Four years later, Notre Dame was playing in that bowl, and 12 years later those “loyalists,” who have had their druthers realized, look at the Independence — any bowl — as a dream place to be in December or January, before the spoilage of consistent bowl trips that somehow became not good enough, even in Bloomington.
That history is why, if there is a pressure associated with Indiana football’s future right now, it is not so much on Hoeppner or that core that has ridden it out through it all, but the 30,000 who once combined with them to fill Memorial Stadium and gradually disappeared. It was that shrinking fan base that had a big part in making Indiana’s 1994 team one of the few in recent Big Ten history to have a winning record (6-5) but fail to receive a bowl bid.
Hoeppner’s Miami teams went 48-24. His last game as RedHawk coach was, coincidentally, in the Independence Bowl at Shreveport, IU’s last bowl site.
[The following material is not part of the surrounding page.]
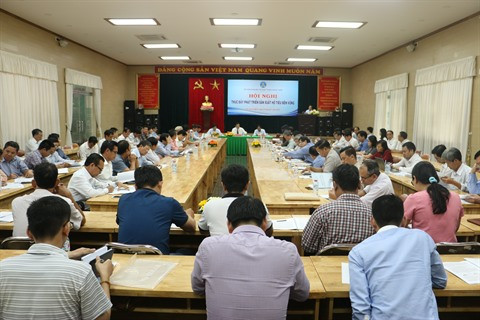 Pour un développement durable de la culture poivrière ảnh 1 Pour un développement durable de la culture poivrière ảnh 1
It’s a match-up that seemed fated, that day in December when Hoeppner first put on an IU cap and — with some of his newly inherited players watching from the back of the room — made them a guarantee: “With the foundation that you guys have created here, we are going to build a championship team.”
Suicide talk for a new coach?
“If you play in the Big Ten and you don’t aspire to go to the Rose Bowl, and you don’t set that out as a goal, then you are really cheating yourselves. So, that’s going to be our goal: to play in the Rose Bowl ... to take Indiana back to the Rose Bowl.
“IU is an opportunity that I always said, in the back of my mind, ‘Someday ...’
“Well, that someday is now.” 
Bob Hammel is retired as sports editor of the Bloomington Herald-Times. He has written several books on Indiana University athletics.